→ Task directions
Once the line with "të baletit kosovar" is found, repeat it and all later lines exactly through the end of the listing below, with the pictures left out.

→ Source material

---

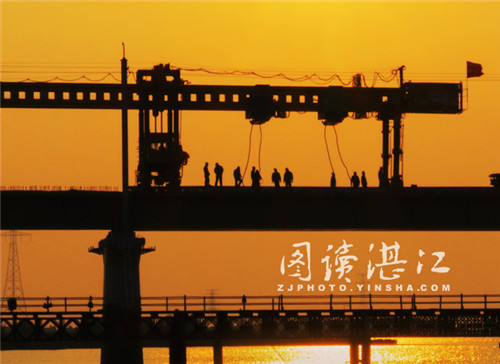 Girders on cross-sea bridge erected for Donghai Island Railway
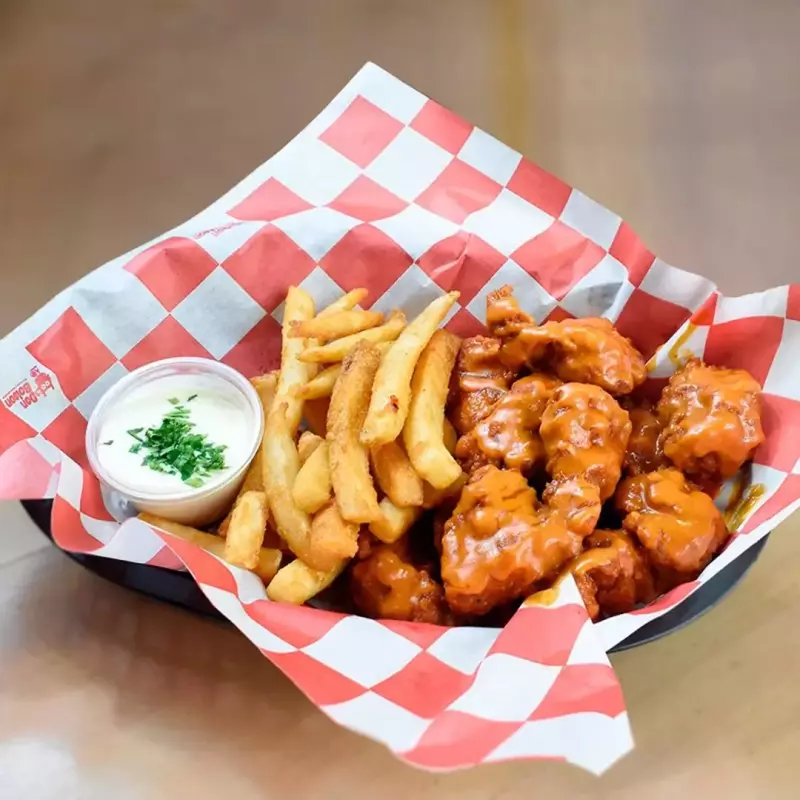 BONELESS CON PAPAS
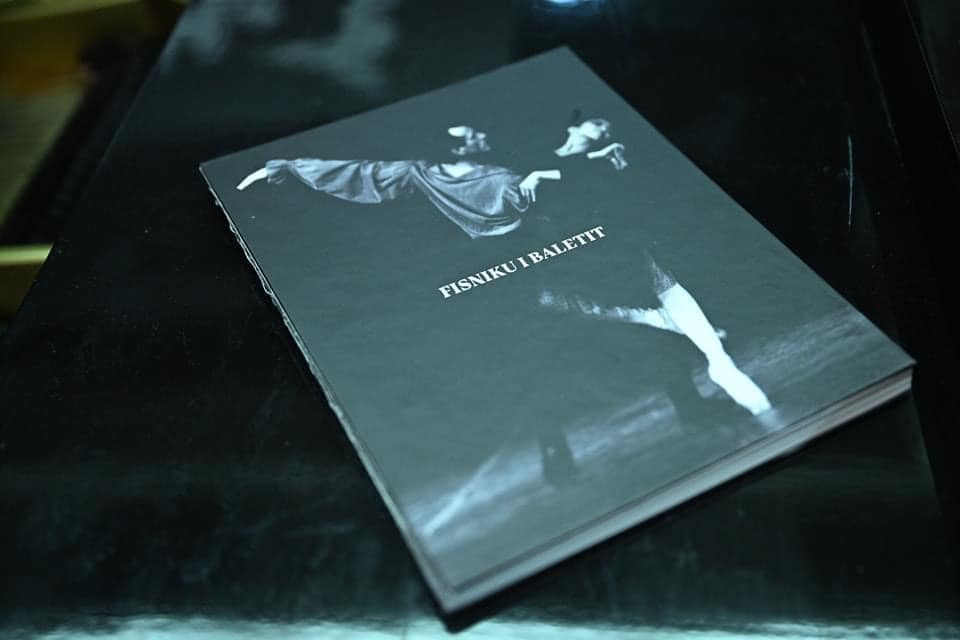 MKRS-Përurohet monografia “Fisniku i baletit”, kushtuar Ahmet Brahimajt, babait të baletit kosovar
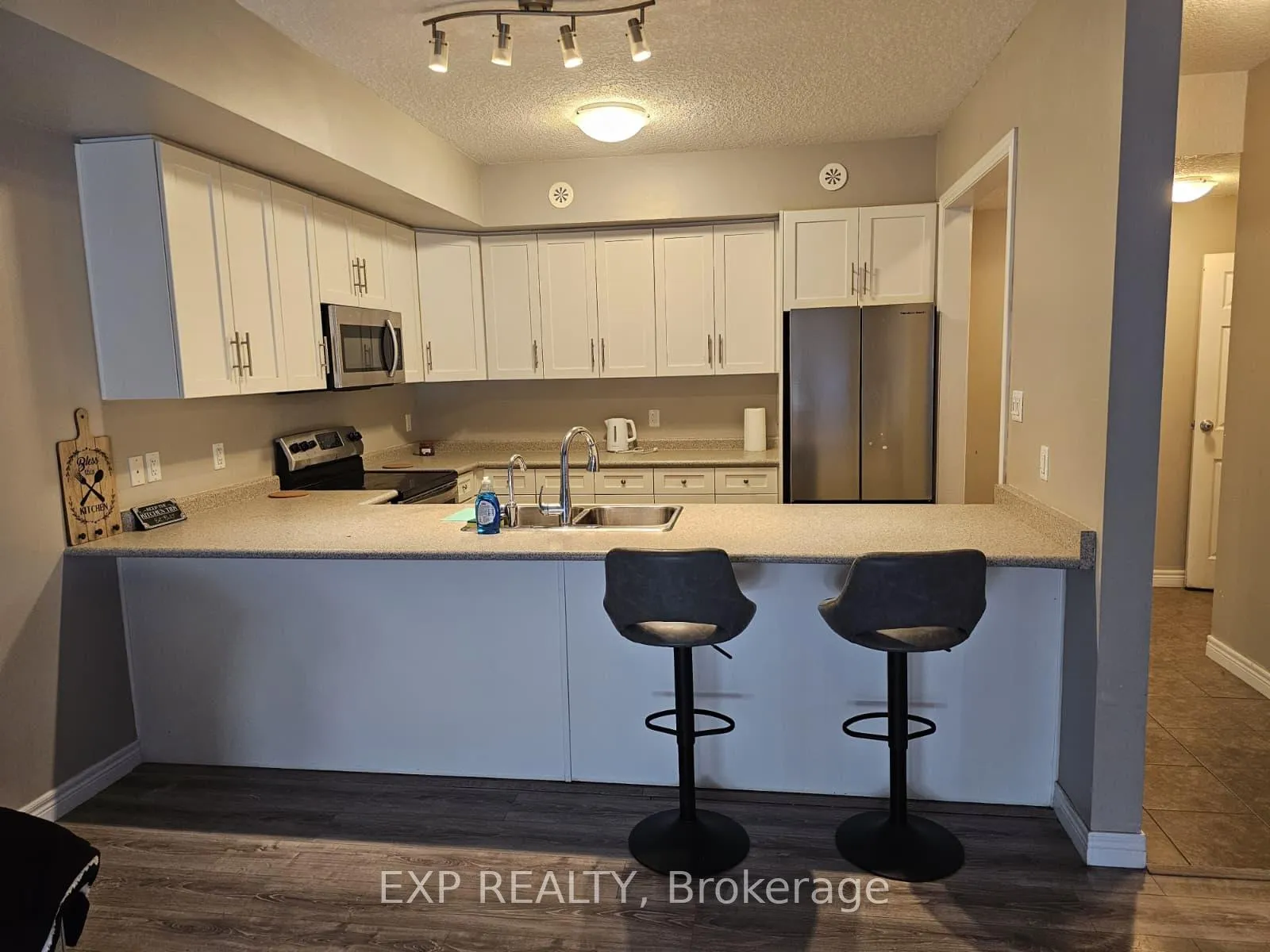 Photo 6 of Unit Unit A, 1110 Fairway Road, Kitchener, Grand River South — HOMEH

---

→ Result of this task
 MKRS-Përurohet monografia “Fisniku i baletit”, kushtuar Ahmet Brahimajt, babait të baletit kosovar
 Photo 6 of Unit Unit A, 1110 Fairway Road, Kitchener, Grand River South — HOMEH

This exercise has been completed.